Please reproduce, exactly and with nothing else, every line from the one containing "motos anciennes Dscf9311" through the last line of the records below.

AVAILABLE RECORDS
--- START ---
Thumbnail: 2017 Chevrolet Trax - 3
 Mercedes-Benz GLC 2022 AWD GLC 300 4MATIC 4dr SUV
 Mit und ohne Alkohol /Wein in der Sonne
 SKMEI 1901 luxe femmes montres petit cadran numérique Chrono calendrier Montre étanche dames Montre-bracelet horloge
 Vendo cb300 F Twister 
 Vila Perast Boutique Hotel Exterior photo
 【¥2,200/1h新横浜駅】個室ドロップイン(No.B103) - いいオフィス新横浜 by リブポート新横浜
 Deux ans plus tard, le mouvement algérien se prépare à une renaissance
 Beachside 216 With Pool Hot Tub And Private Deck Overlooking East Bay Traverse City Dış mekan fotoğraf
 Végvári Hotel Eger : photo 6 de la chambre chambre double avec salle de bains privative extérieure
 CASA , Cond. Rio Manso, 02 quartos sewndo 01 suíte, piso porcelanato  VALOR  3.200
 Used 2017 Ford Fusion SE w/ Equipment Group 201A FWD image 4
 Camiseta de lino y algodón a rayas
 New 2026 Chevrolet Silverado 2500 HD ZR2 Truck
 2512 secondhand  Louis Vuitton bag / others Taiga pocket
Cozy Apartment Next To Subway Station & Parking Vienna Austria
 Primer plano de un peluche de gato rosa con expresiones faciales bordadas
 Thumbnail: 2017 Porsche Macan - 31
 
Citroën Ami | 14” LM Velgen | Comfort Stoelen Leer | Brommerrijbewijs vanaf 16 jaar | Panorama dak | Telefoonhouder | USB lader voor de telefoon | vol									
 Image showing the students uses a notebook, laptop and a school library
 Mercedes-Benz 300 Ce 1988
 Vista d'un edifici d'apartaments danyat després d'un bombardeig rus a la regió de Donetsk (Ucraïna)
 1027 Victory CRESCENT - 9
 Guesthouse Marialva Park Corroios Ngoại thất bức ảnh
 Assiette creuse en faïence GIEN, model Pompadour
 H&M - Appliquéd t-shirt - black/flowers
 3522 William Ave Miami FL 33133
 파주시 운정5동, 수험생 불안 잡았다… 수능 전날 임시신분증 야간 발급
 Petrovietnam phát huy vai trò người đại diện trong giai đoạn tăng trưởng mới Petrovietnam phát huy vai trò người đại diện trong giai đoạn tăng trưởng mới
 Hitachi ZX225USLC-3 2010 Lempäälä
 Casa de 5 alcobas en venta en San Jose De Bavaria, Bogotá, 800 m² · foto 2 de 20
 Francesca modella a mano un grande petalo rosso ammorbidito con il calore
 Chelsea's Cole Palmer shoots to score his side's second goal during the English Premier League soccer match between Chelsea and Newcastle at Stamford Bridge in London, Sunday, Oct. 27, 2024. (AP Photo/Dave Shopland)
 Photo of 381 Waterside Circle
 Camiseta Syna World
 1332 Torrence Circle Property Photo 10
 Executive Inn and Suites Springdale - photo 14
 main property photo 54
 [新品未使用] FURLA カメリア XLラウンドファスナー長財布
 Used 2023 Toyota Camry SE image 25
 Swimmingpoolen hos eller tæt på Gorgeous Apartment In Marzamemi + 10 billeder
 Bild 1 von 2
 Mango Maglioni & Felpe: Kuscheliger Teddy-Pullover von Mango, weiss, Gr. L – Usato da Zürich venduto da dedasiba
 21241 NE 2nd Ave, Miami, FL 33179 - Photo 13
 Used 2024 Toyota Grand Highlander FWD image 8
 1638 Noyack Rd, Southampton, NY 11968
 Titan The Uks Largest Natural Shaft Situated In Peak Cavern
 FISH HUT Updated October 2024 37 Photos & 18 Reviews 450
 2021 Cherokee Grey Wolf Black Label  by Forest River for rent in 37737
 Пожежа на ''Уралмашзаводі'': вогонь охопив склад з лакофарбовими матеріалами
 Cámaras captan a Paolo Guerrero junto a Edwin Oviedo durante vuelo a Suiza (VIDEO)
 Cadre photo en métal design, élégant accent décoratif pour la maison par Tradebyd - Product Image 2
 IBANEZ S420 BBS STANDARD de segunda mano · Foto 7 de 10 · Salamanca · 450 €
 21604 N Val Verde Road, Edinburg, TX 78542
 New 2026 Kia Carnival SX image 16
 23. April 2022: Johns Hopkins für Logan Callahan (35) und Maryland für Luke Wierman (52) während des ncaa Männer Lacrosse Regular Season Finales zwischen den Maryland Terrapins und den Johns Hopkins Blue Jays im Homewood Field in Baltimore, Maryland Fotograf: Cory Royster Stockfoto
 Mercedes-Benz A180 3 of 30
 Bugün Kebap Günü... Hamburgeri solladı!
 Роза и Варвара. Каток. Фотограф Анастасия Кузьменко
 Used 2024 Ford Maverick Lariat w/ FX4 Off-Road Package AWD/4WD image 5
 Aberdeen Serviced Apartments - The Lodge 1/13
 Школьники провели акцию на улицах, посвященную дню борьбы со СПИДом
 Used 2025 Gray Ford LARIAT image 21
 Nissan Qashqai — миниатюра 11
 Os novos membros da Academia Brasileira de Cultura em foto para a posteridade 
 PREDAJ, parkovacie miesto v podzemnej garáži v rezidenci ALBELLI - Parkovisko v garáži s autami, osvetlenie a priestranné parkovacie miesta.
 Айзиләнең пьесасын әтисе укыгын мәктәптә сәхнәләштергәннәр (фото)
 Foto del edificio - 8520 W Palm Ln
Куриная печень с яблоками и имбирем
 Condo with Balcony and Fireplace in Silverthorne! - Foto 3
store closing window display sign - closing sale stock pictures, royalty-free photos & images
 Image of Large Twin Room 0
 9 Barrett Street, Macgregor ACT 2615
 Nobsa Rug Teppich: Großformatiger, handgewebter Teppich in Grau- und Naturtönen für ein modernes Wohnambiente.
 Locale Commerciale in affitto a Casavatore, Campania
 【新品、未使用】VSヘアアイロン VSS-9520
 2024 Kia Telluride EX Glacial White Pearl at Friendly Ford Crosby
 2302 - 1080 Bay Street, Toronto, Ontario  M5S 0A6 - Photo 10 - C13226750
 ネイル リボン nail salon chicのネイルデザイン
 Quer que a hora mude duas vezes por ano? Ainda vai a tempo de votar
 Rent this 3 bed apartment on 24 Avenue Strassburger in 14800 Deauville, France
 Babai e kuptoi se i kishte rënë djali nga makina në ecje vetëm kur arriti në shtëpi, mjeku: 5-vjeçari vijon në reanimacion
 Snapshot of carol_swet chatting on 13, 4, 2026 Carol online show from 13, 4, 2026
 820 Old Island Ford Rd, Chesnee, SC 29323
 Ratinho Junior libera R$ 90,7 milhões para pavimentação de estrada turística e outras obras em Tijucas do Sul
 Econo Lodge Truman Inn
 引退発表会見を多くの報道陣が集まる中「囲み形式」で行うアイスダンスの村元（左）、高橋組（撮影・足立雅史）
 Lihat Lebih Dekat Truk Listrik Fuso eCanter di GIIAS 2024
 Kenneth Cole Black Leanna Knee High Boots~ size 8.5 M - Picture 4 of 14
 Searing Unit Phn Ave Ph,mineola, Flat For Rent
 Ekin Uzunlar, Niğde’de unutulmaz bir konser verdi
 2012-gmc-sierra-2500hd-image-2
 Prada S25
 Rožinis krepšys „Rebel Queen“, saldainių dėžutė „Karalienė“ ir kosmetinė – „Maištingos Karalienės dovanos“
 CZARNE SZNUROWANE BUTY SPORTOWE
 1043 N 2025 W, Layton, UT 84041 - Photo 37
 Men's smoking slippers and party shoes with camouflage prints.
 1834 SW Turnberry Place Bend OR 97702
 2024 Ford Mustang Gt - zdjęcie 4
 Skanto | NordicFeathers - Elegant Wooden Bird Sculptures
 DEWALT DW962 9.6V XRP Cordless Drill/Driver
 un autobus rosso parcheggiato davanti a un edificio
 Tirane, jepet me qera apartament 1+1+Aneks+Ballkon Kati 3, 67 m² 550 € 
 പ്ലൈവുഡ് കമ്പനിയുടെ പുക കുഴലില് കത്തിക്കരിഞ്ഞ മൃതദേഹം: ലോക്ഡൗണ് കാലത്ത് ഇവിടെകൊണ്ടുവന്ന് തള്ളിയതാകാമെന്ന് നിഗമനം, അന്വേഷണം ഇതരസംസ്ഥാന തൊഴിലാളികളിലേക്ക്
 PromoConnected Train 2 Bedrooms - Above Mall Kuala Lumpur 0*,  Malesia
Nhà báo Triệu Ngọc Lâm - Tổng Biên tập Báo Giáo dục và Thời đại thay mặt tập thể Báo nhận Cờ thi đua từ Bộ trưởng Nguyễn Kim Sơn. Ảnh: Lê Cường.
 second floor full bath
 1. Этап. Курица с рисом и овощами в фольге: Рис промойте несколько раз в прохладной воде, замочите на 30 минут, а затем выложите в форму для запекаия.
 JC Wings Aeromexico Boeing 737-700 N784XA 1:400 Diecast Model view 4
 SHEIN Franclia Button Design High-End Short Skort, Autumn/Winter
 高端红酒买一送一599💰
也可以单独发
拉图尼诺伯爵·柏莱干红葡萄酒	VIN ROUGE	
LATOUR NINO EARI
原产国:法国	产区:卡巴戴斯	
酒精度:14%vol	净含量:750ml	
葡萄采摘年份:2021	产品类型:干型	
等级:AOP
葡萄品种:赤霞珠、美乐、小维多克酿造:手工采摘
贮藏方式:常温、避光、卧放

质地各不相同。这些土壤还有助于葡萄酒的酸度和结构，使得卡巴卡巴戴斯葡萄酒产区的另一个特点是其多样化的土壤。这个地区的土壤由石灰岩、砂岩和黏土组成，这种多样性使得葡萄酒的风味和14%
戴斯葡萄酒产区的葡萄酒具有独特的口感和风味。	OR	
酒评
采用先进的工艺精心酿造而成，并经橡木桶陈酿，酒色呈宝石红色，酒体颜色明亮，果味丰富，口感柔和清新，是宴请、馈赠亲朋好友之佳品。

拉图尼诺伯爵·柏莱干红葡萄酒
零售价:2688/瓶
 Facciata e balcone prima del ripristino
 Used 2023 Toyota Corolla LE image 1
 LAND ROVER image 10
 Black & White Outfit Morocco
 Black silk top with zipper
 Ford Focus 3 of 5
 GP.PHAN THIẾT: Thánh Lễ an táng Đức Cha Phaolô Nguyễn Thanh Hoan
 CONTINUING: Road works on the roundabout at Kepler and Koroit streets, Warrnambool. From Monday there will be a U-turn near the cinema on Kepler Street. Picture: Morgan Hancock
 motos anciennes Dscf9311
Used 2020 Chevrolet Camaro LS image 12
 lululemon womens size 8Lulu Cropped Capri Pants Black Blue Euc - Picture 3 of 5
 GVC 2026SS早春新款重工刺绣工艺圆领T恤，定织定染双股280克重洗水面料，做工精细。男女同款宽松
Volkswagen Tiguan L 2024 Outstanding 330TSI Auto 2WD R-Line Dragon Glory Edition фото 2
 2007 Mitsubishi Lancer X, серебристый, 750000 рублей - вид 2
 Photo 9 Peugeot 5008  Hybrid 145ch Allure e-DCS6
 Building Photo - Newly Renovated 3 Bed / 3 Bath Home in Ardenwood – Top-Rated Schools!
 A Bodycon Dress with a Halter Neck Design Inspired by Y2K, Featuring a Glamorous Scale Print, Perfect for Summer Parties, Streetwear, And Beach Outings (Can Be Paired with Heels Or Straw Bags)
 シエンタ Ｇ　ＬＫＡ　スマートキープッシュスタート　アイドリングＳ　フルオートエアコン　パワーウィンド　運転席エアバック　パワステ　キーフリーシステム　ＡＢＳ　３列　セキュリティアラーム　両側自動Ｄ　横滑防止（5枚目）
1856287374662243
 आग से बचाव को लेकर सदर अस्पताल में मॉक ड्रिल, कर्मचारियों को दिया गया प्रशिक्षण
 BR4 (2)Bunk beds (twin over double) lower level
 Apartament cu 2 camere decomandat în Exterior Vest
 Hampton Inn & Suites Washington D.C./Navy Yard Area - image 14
--- END ---
TASK RESULT
 motos anciennes Dscf9311
Used 2020 Chevrolet Camaro LS image 12
 lululemon womens size 8Lulu Cropped Capri Pants Black Blue Euc - Picture 3 of 5
 GVC 2026SS早春新款重工刺绣工艺圆领T恤，定织定染双股280克重洗水面料，做工精细。男女同款宽松
Volkswagen Tiguan L 2024 Outstanding 330TSI Auto 2WD R-Line Dragon Glory Edition фото 2
 2007 Mitsubishi Lancer X, серебристый, 750000 рублей - вид 2
 Photo 9 Peugeot 5008  Hybrid 145ch Allure e-DCS6
 Building Photo - Newly Renovated 3 Bed / 3 Bath Home in Ardenwood – Top-Rated Schools!
 A Bodycon Dress with a Halter Neck Design Inspired by Y2K, Featuring a Glamorous Scale Print, Perfect for Summer Parties, Streetwear, And Beach Outings (Can Be Paired with Heels Or Straw Bags)
 シエンタ Ｇ　ＬＫＡ　スマートキープッシュスタート　アイドリングＳ　フルオートエアコン　パワーウィンド　運転席エアバック　パワステ　キーフリーシステム　ＡＢＳ　３列　セキュリティアラーム　両側自動Ｄ　横滑防止（5枚目）
1856287374662243
 आग से बचाव को लेकर सदर अस्पताल में मॉक ड्रिल, कर्मचारियों को दिया गया प्रशिक्षण
 BR4 (2)Bunk beds (twin over double) lower level
 Apartament cu 2 camere decomandat în Exterior Vest
 Hampton Inn & Suites Washington D.C./Navy Yard Area - image 14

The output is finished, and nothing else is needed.